Catching up on a bit of reading, I've noticed a lot of futurists considering the perceptual impact of the grounding of flights due to the Icelandic volcano eruption. My Futures Company colleague Andrew Curry summarises the kinds of reperception that are taking place, and Gideon Rachman (in the FT) smartly observes that the frustration normally felt by the poor or disenfranchised has briefly been extended to everyone by the impossibility of getting off the ground.

But there's an odd strain of nostalgia running through much of the output from this volcanic sub-genre. Even as writers imagine possible futures, some of these futures seem to resemble versions of the inaccessible past. They are, to pinch from William Empson, versions of pastoral.

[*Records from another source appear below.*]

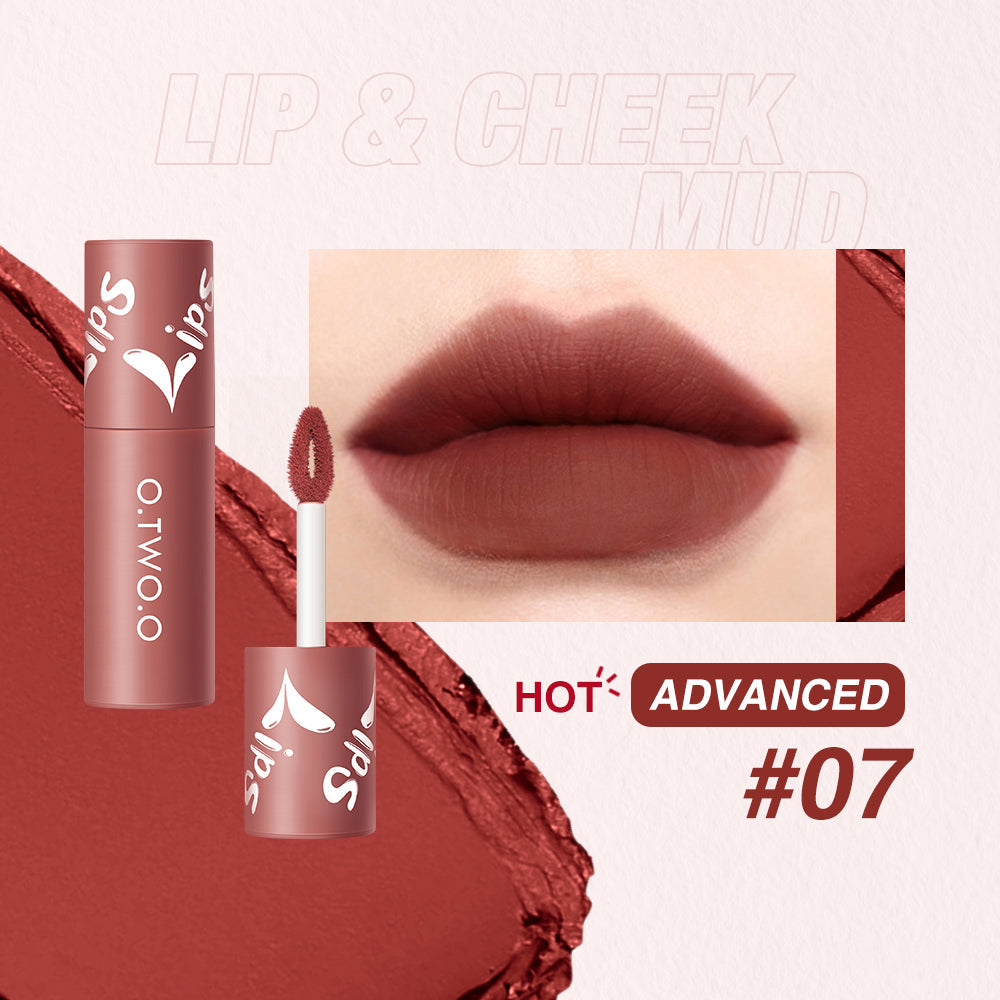 O.TWO.O Upgrade New Design Matte Finish Lip Mud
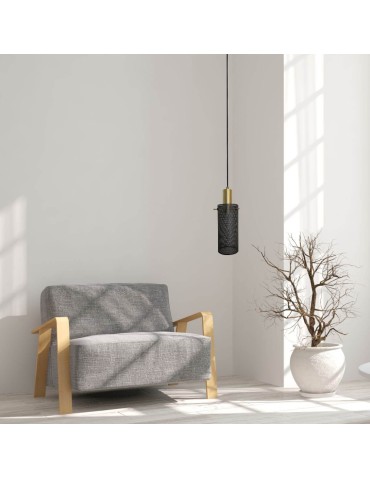 Light Prestige Lampa wisząca Tirana 1xE27 czarna LP-945/1P BK - produkt 2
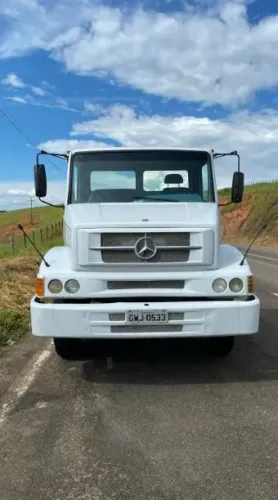 CAMINHÃO L1218 TRUCADO/ NADA P FAZER 
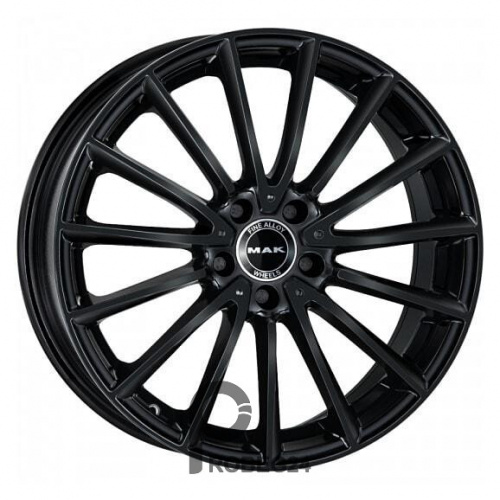 MAK Komet 8x18 5*112 ET48 DIA66.6 Gloss Black Литой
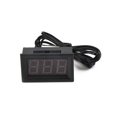 thumbnail image 2 of Digital 12V Led Temperature Monitoring Thermometer Meter W/ Temp Probe, 2 of 8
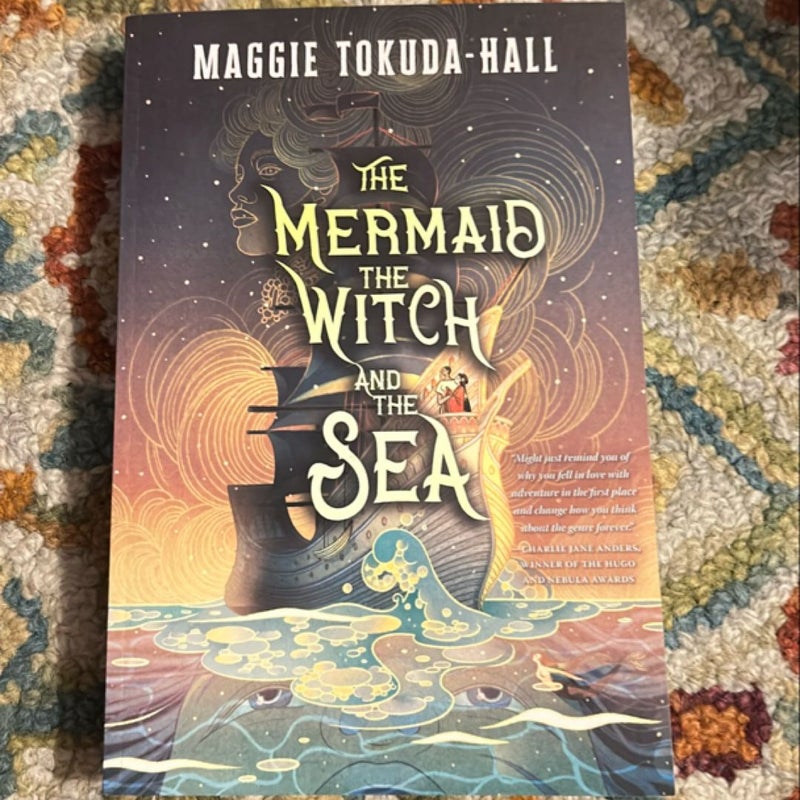 🌟Signed Cooy The Mermaid, the Witch, and the Sea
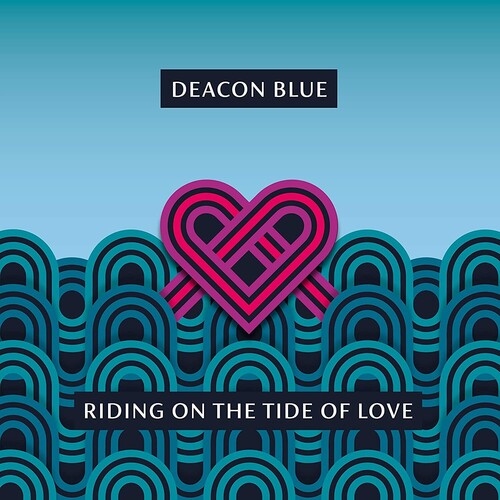 Deacon Blue Riding On The Tide Of Love - Record Album - Vinyl LP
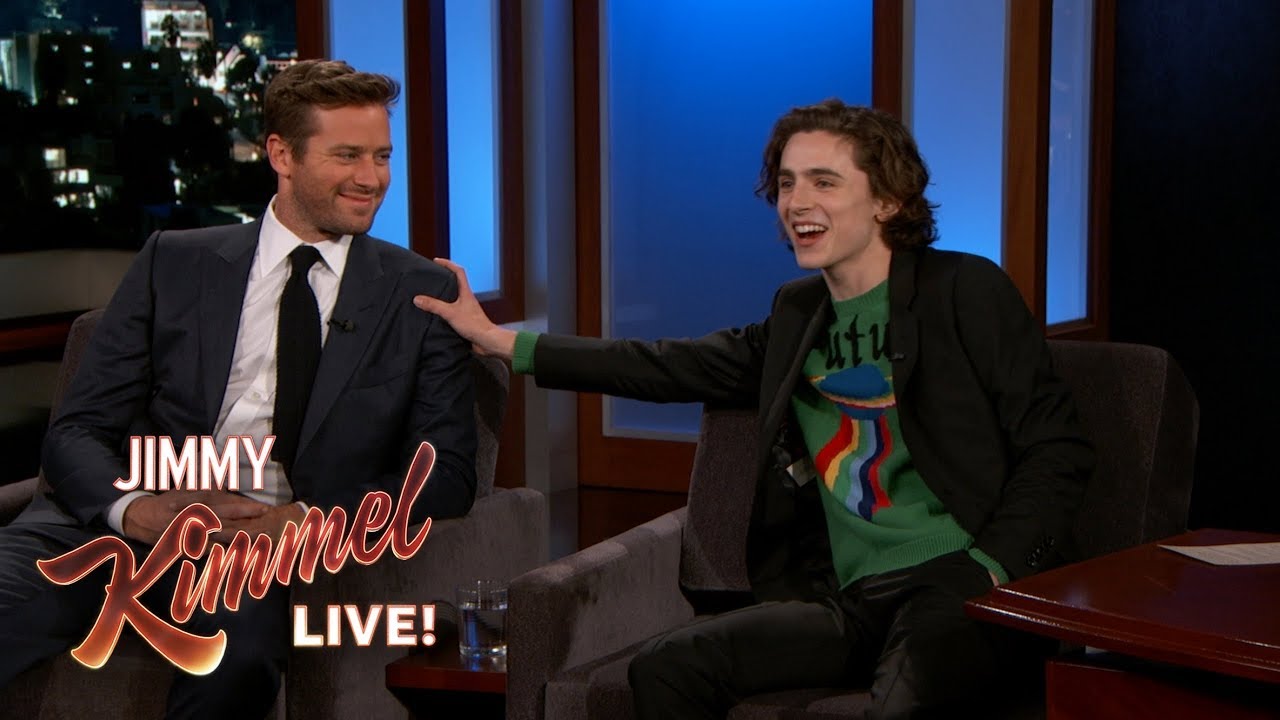 Guest Host Neil Patrick Harris Interviews Armie Hammer & Timothée Chalamet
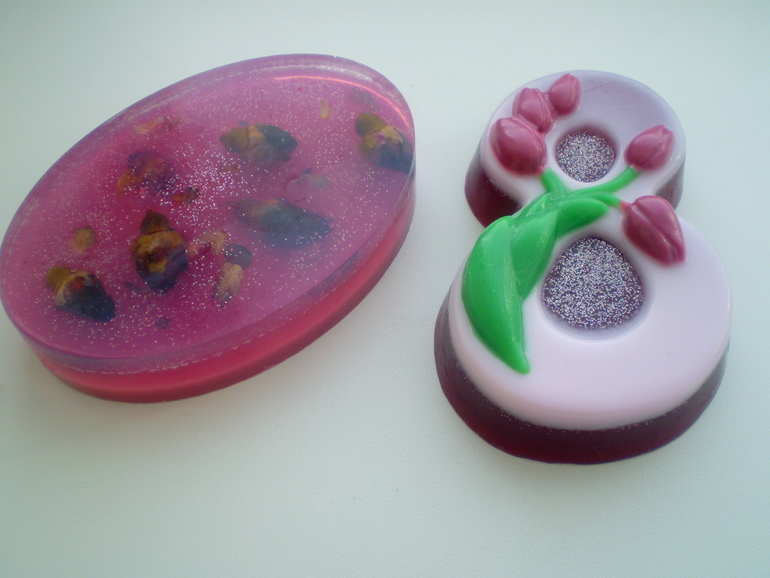 Новенькие мылки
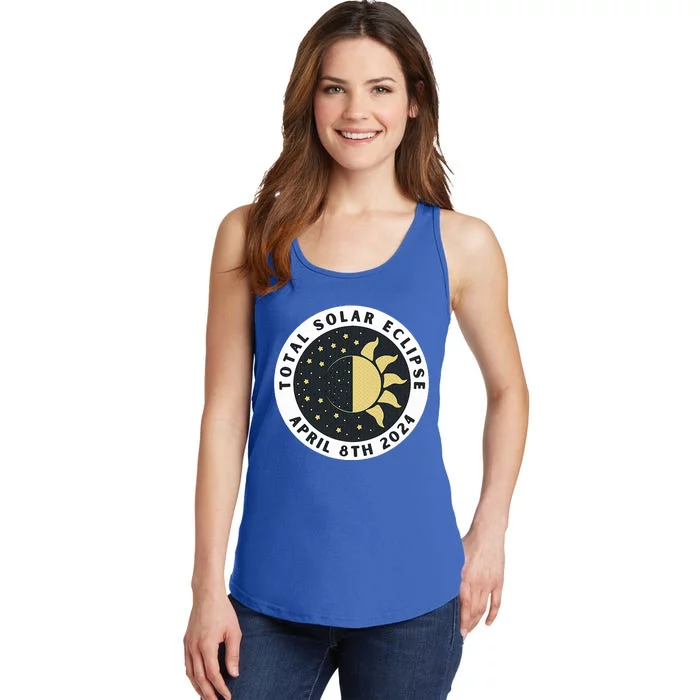 Total Solar Eclipse Ladies Essential Tank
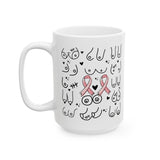 Boob Mug Feminist Mug Boobie Mug Gift For Boyfriend Girl Power Breast Cancer Survivor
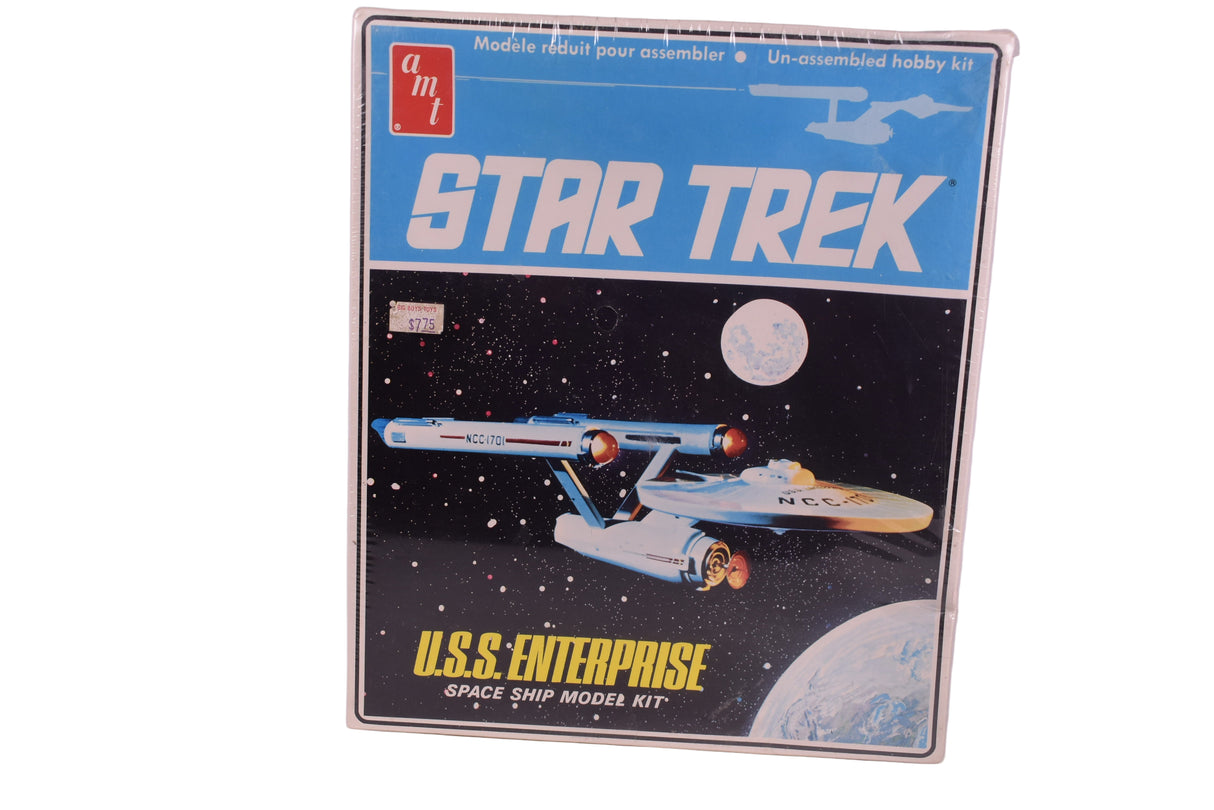 Star Trek U.S.S Enterpris Space Ship Model Kit Model Kit | 6676 | AMT ERTL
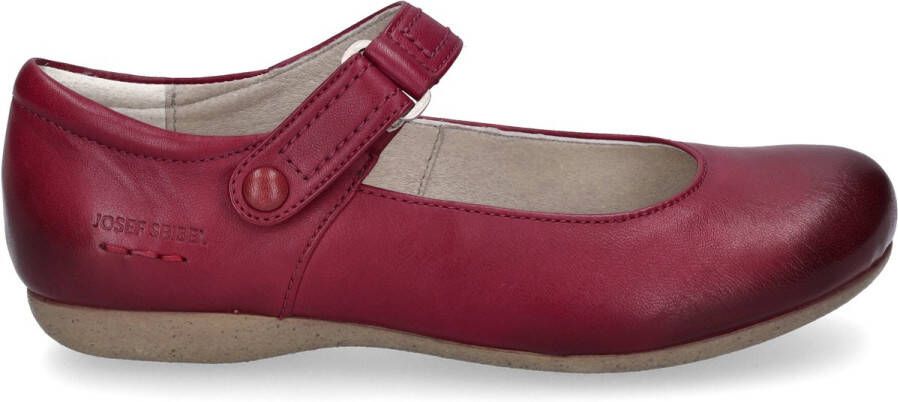 Josef Seibel Fiona 80 Ballerina für Damen Rot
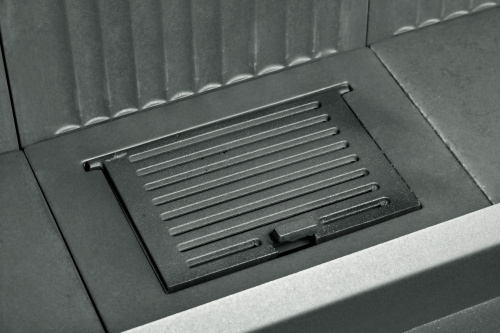 Топка Экокамин Альфа 1000 L / R два стекла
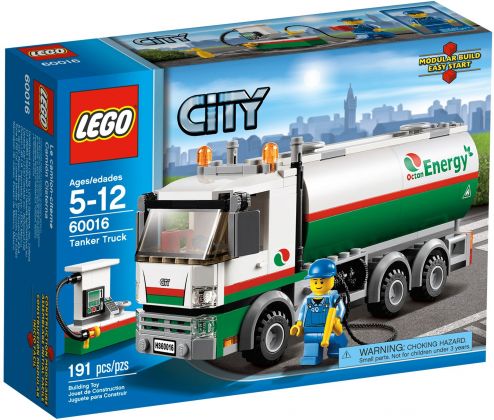 LEGO City 60016 Le camion-citerne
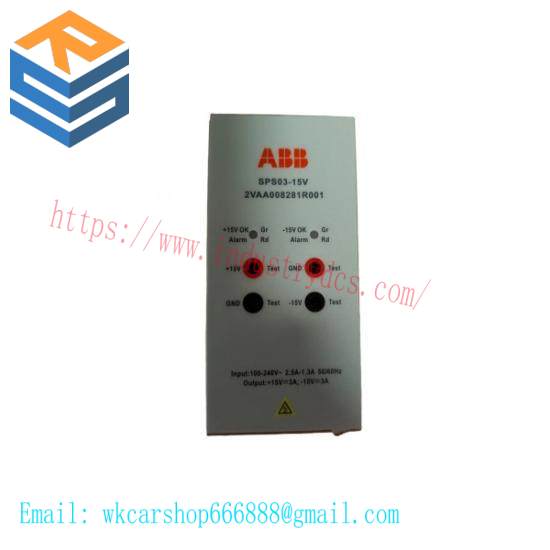 ABB 2VAA008281R001  Power Supply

We catch glimpses of these pastoral worlds of slow movement in for example, Doreen Massey's essay, 'Is the world getting larger or smaller?', republished by Open Democracy (and linked to by Andrew). She argues, fairly persuasively, about the effect that the creation of rapid travel 'hubs' has had on communities that fall in the spaces between and so remain away from the main currents of globalised life - though this is by no means a new phenomenon, even if the hubs are now nodes in a vastly larger network. I'm not sure if I agree that in a fast world 'there is no question of the pleasures of movement or travel': rather, I suspect the feasibility of rapid movement has enabled the emergence of less pleasure-orientated categories of travel - like business travel, for instance - that were previously confined either to small distances or to small constituencies of people, such as merchants. Was mercantile travel ever a pleasure?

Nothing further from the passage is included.